It's neither new nor objectionable for comedians to use their plus-sized bodies to elicit laughs. But in Paul Blart: Mall Cop, it's the only strategy employed, and very rarely effectively. James is a deceptively graceful physical presence, a quality which usually lends an added dimension to his pratfalls, and there's certainly a few choice moments throughout this headlining vehicle in which he gets to flaunt that deftness, such as a home video of him sexily demonstrating his Segway-driving skills on the sidewalk in front of his Jersey home. Unfortunately, even the sight of James performing awkward dance moves or attempting super-cop slides and somersaults quickly wears thin, largely because director Carr - working from James and Nick Bakay's beyond-formulaic script - seems to think that repeating the same joke ad nauseam is enough. Whereas James has often exhibited sharp verbal timing and a knack for amusing line readings, here the focus is so squarely placed on fat-guy-flops-around incidents that any semi-imaginative moviegoer can probably envision most of the film's signature moments without entering the theater.

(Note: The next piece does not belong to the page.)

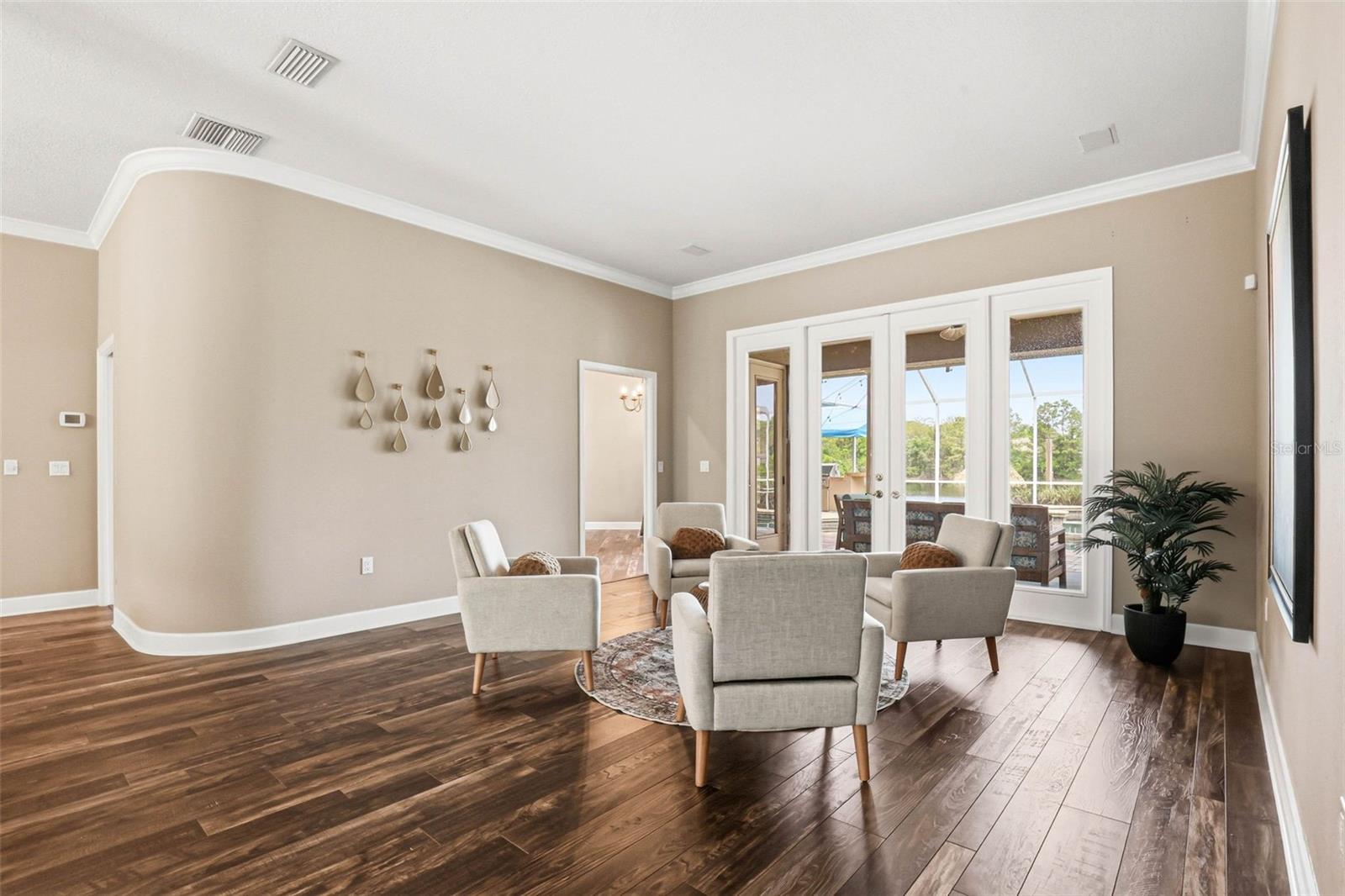 STASIA PLATTED MINOR SUB - Residential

As for that wispy connective tissue that occurs in between instances of James acting the fool - the nominal term, "plot," is something of a stretch - it has to do with long-ridiculed Blart showing he's got the skills to be a law enforcement superman when his mall is seized by a band of thieves. This necessitates action-movie derring-do of a wannabe-ridiculous sort, as Blart takes down his villainous X-Games-ish adversaries with ho-hum maneuvers - Paul Blart can't even properly pull off a slow-mo hockey-stick-to-the-crotch shot - and equally dull quips. Given James' gusto, a few random bits inevitably stick, such as Blart surreptitiously navigating a bank's rope line, and the star's geniality unquestionably keeps the material from sliding into cheap raunchiness. Yet any inventively daring impulses, which might have launched the story into absurd realms, are consistently stymied. Rather than true lunacy, it's niceness that proves the order of the day, a lukewarm family-friendly innocuousness that positions the film alongside Carr's other kid-gloves duds (Daddy Day Care, Are We Done Yet?) as well as Cedric the Entertainer's similar chubby-goofball-turned-hero groaner Code Name: The Cleaner.

James gets no help from his supporting cast, with Keir O'Donnell (as the lead baddie), Jayma Mays (as the de facto love interest), and Raini Rodriguez (as Blart's encouraging daughter) combining to produce absolutely zero chuckles. The proceedings' general air of ho-humness, however, is less the byproduct of any individual performance than it is of a screenplay which, over the course of a lethargic 91 minutes, generates none of the requisite witty energy that might help overshadow its mind-numbing predictability. Instead of using a schematic template for out-there antics or random riffing, even in the mainstream-accessible manner of the comedy of Adam Sandler (whose Happy Madison productions are behind this cinematic throwaway), the film embraces its conventionality with a relish that comes off as baffling, especially as the number of dead silence-provoking scenes (frequently punctuated by jabs at unattractive and/or overweight people) begin to pile up. Harmlessly humorless, Paul Blart tepidly goes through its motions, but that doesn't mean you have to.